[[ Recorded information open ]]

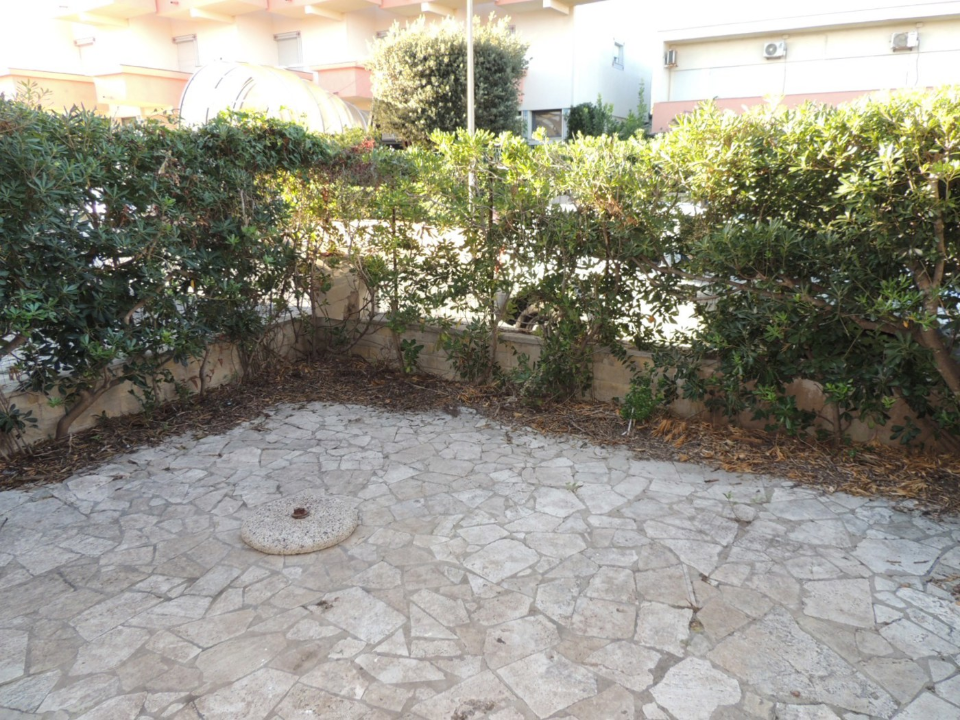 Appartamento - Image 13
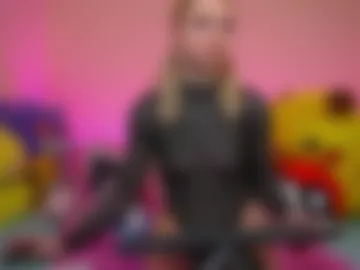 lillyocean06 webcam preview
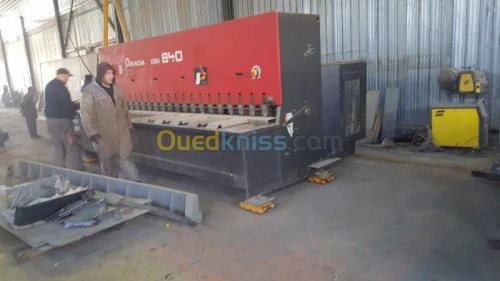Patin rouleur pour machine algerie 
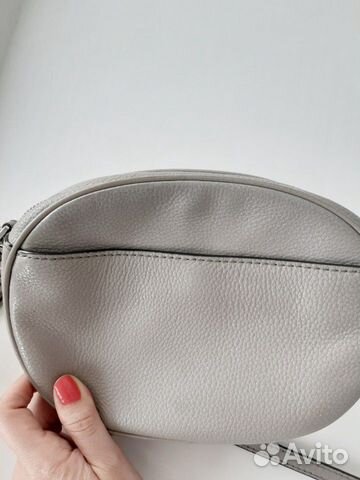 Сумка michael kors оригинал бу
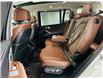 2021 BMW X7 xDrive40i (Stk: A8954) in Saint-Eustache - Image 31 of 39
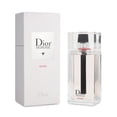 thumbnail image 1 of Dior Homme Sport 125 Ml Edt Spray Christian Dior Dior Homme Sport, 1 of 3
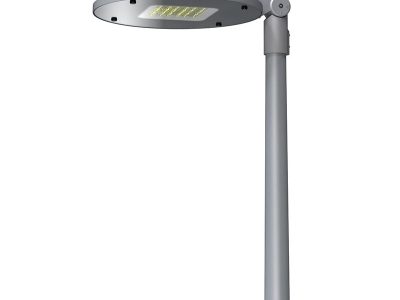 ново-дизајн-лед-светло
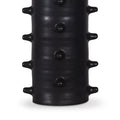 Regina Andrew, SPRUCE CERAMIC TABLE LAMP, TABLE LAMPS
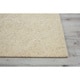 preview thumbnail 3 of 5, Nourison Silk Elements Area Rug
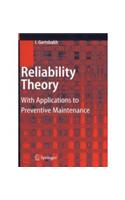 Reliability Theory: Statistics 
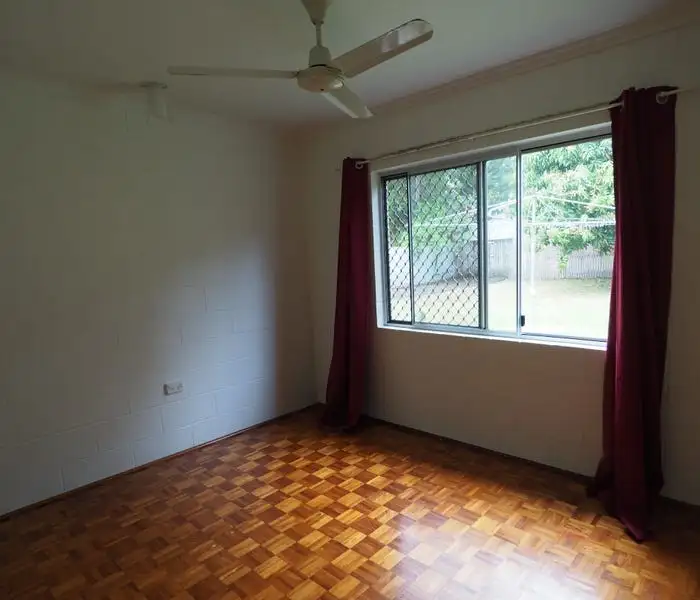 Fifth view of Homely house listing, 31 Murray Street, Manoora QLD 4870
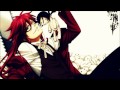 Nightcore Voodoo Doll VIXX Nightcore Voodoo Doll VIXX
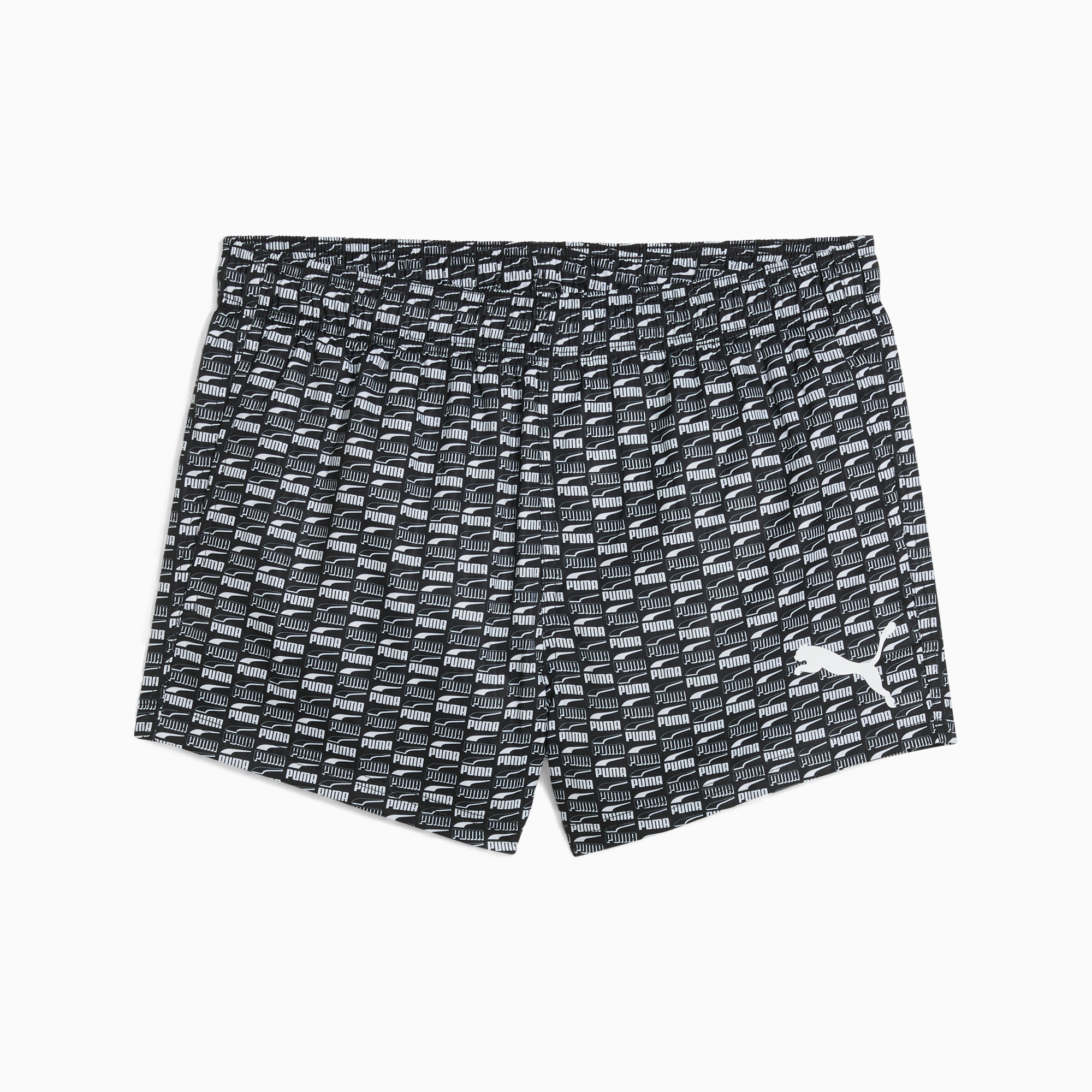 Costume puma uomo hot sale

[[ Recorded information closed ]]

* What is required: From the line with "thumbnail image 1" through the final line of the records above, return each line exactly and nothing else. Pictures are to be skipped.

* Response to the exercise:
 thumbnail image 1 of Dior Homme Sport 125 Ml Edt Spray Christian Dior Dior Homme Sport, 1 of 3
 ново-дизајн-лед-светло
 Regina Andrew, SPRUCE CERAMIC TABLE LAMP, TABLE LAMPS
 preview thumbnail 3 of 5, Nourison Silk Elements Area Rug
 Reliability Theory: Statistics 
 Fifth view of Homely house listing, 31 Murray Street, Manoora QLD 4870
 Nightcore Voodoo Doll VIXX Nightcore Voodoo Doll VIXX
 Costume puma uomo hot sale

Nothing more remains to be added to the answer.